IEC 60749-41-2020 SEMICONDUCTOR DEVICES – MECHANICAL AND CLIMATIC TEST METHODS – Part 41 : Standard reliability testing methods of non-volatile memory devices.
3.4 data pattern mix of several 1 s and 0s in the memory and their physical or logical positions Note 1 to entry: A device can be single-bit-per-cell (SBC), meaning that one physical memory cell stores a “0” or a “1 “, or multiple-bits-per-cell (MBC), meaning that one cell stores typically two bits of data: “00”, “01 “, “1 0”, or “1 1 “. In some MBC memories, the two bits represent logically-adjacent bit-pairs in each byte of data. For example, for 2 bits per cell, a byte containing binary data 1 01 1 0001 would correspond to four physical cells with data 2301 in base-four logic. In other MBC memories, the two bits can represent bits in entirely different address locations. For an SBC memory a physical checkerboard pattern consists of alternating 0s and 1 s, with each 0 surrounded by 1 s on either side and above and below; a logical checkerboard pattern consists of data bytes AAH or 55H in which each 0 is logically adjacent to 1 s. In some qualifications only logical positions are known.

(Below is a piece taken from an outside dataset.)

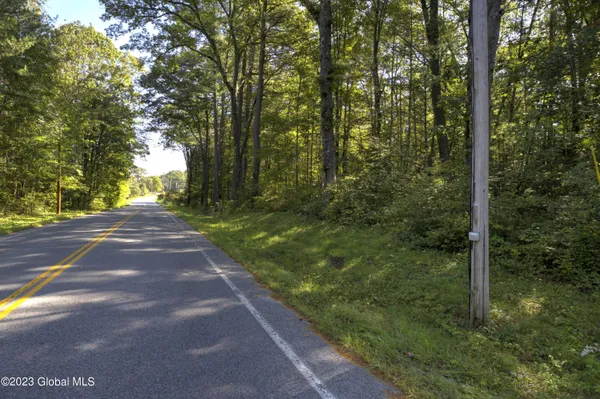 $450,000 | 313 Pettis Road, Wilton, NY 12831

3.5 endurance ability of a reprogrammable read-only memory to withstand data rewrites and still comply with applicable specifications Note 1 to entry: EEPROM device specifications often require an erase step before reprogramming data; in this case a data rewrite includes both erase and programming steps, which together are called a program/erase cycle. Direct-write memories allow data to be written directly over old, without an erase; in this case the use of the generic term “program/erase cycle” will refer to a single rewrite with no erase. For single-bit-per-cell (SBC) memories that require an erase step, one program/erase cycle consists of programming cells (typically to “0”) and then erasing (“1 “). For the comparable multiple-bits-per-cell (MBC) case, a cycle would consist of programming cells (to “0”, “1 “, or “2” for two bits per cell) and then erasing (“3” for two bits per cell).
Note 2 to entry: Endurance cycling consists of performing multiple rewrites in succession, and the data pattern or patterns for these rewrites must be chosen. There is no one data pattern or set of patterns that is worst-case for all failure mechanisms. For example, for floating-gate memories a fully programmed pattern is worst-case for charge transfer, but a physical checkerboard pattern is worst-case for spurious programming of adjacent cells, and a mostly erased pattern can be worst-case for mechanisms related to erase-preconditioning algorithms. For MBC memories, programming to the highest state is worst-case for charge transfer, but intermediate-state cells can experience more programming time and also have less sensing margin. Finally, in some memories, the margin of a cell is influenced by the data states of the physically adjacent cells.
3.6 endurance failure failure caused by endurance cycling Note 1 to entry: An endurance failure occurs if, as a result of program/erase cycling, an EEPROM fails to complete the program or erase operations within the datasheet-specified times or if it fails to meet any of its other datasheet requirements. A program operation that results in incorrect data being stored in the device counts as an endurance failure. However, if an error-management method such as an error-correction code is built into the device or specified to be applied by the system, then failure is taken to occur only if the error is not properly managed by the specified method.IEC 60749-41 pdf download.